Daniel Landa
Tuvimos que conducir varias horas por caminos escarpados para llegar a la aldea de Nahá. El pueblo no tenía nada de especial de no ser por lo pintoresco de sus habitantes. La gran mayoría vestía con esas túnicas entre hippies y angelicales de un blanco inmaculado. Fabio se acercó a las autoridades de Nahá que no pusieron problemas para dejarnos grabar. Nos recibió muy cordial el curandero-chamán, al que llamaban Antonio. Tenía los brazos fuertes y una melena larga color azabache. Hablaba como un adolescente nervioso. Parecía imposible que aquel hombre tuviera 80 años. Era el más anciano de la aldea y mezclaba el español con su dialecto indígena. De la entrevista que mantuve con él sólo pude descifrar algo sobre sus dioses mayas, sobre el licor de maíz que preparaba como nadie y sobre las tradiciones lacandonas que morirán con él. Nos regaló algunas canciones cuya lengua ya no conocen sus hijos y en la despedida tuvimos la sensación de estar diciendo adiós a una cultura milenaria. Apenas quedan 700 lacandones sobre la faz de la Tierra.

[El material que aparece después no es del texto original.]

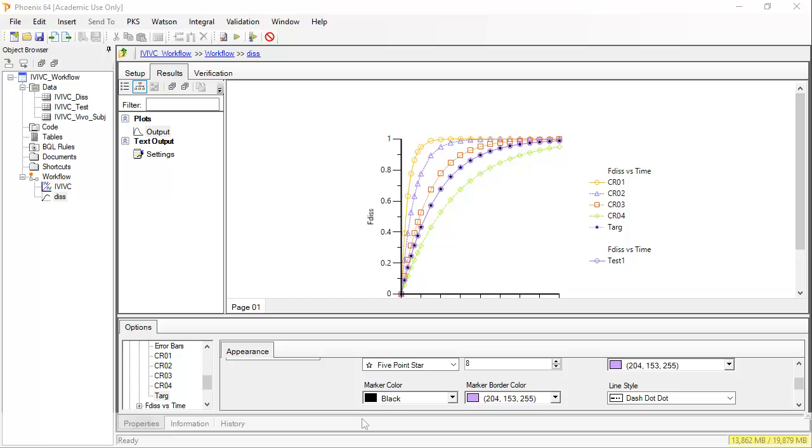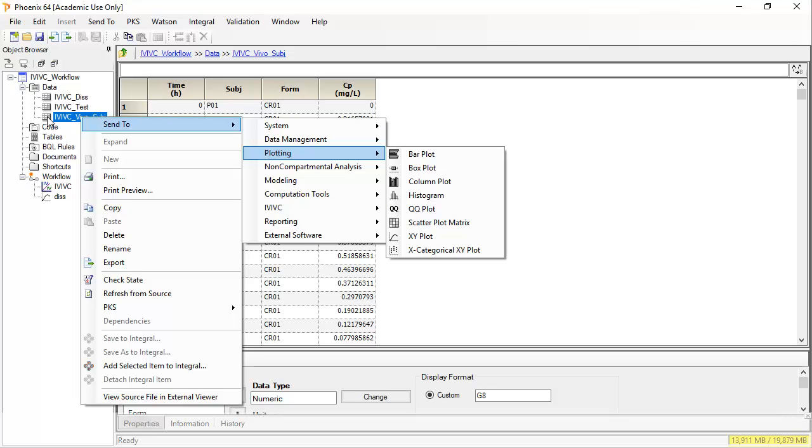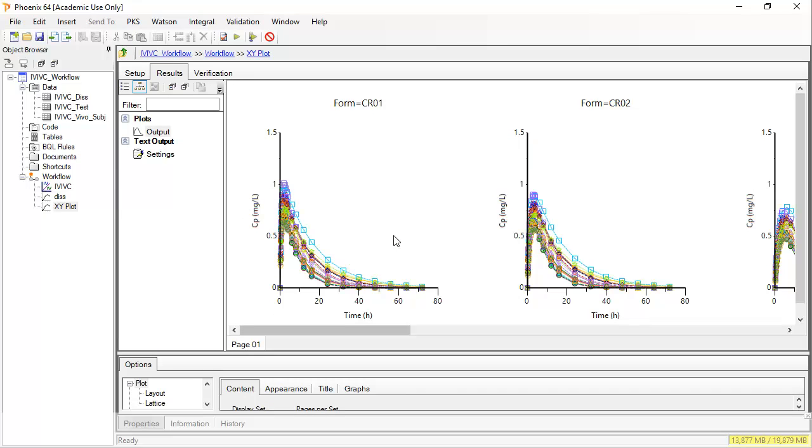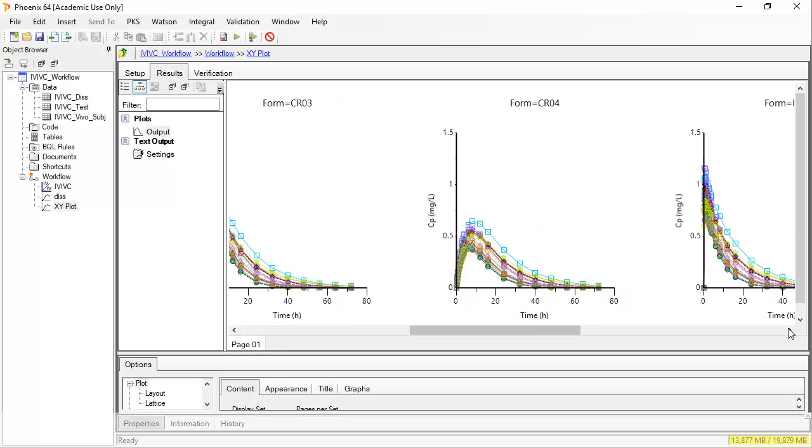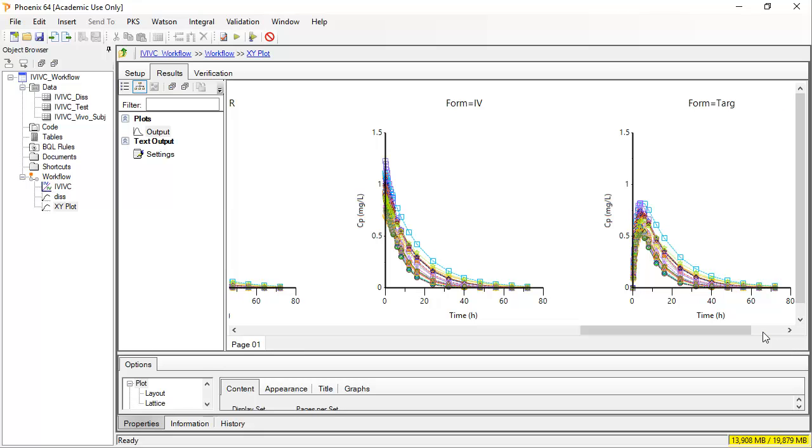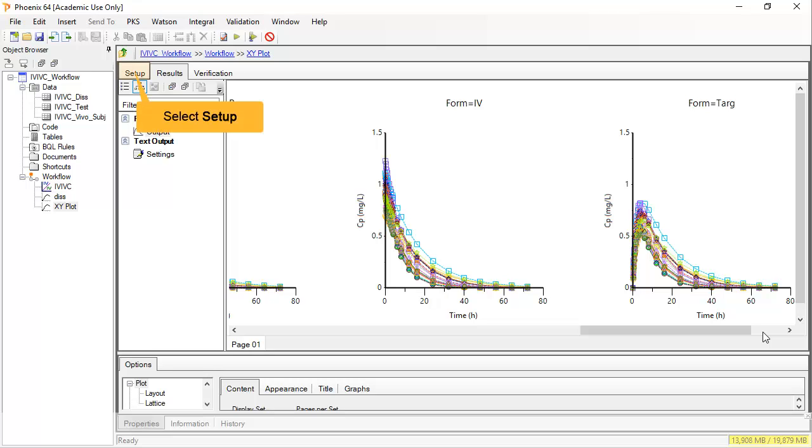Let's take a look at the available in vivo data. I can right-click to send this to a new plot object in exactly the same way. These are the results of plotting them with formulation as the column lattice and subject as a group ID. We see that in vivo, CR4 has the slowest release and the slowest absorption, and that every individual took all forms including the IV reference.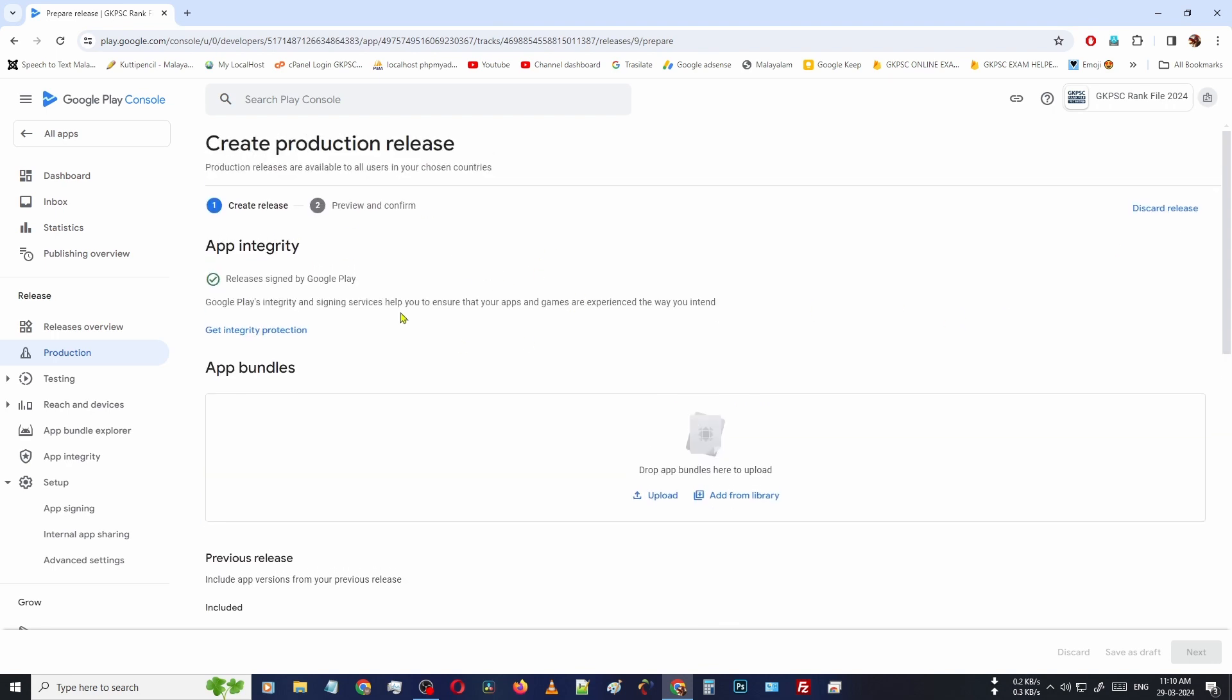Actually, it is very simple. Sometimes when you are not using the Play Console for a long time, this video will help you with how to release a new application update. Thank you.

Llevábamos más de diez meses en busca de los últimos indígenas del planeta y aquí, en Chiapas, sentí una nostalgia irremediable. Una mezcla de pacífica tristeza, de resignación y orgullo. Los lacandones forman un pueblo que parece extinguirse y sin embargo, en hombres como Antonio y Miguel encontré un esbozo de esperanza, un ejemplo vivo, -¡vivo!- del que tal vez acaben contagiándoselos jóvenes.
Pero ellos no salen en las postales.
Ahora nos dirigíamos a un lugar solemne, más popular y menos controvertido, porque las piedras no protestan, ni gritan al mundo que no les olviden.
Las ruinas de Palenque mantienen un estado de conservación impecable. A diferencia de Yaxchilán, se puede ver la grandeza de la ciudad desde lo alto de las pirámides. En las paredes del Templo de las Inscripciones se han hallado 617 jeroglíficos. Este edificio se eleva hasta nueve pisos que pertenecen a nueve dinastías diferentes. En realidad Palenque es una sucesión de grabados misteriosos, altares de piedra y pasadizos subterráneos por los que escapaban los malos gobernadores y se encontraban los amantes que pertenecían a la aristocracia maya.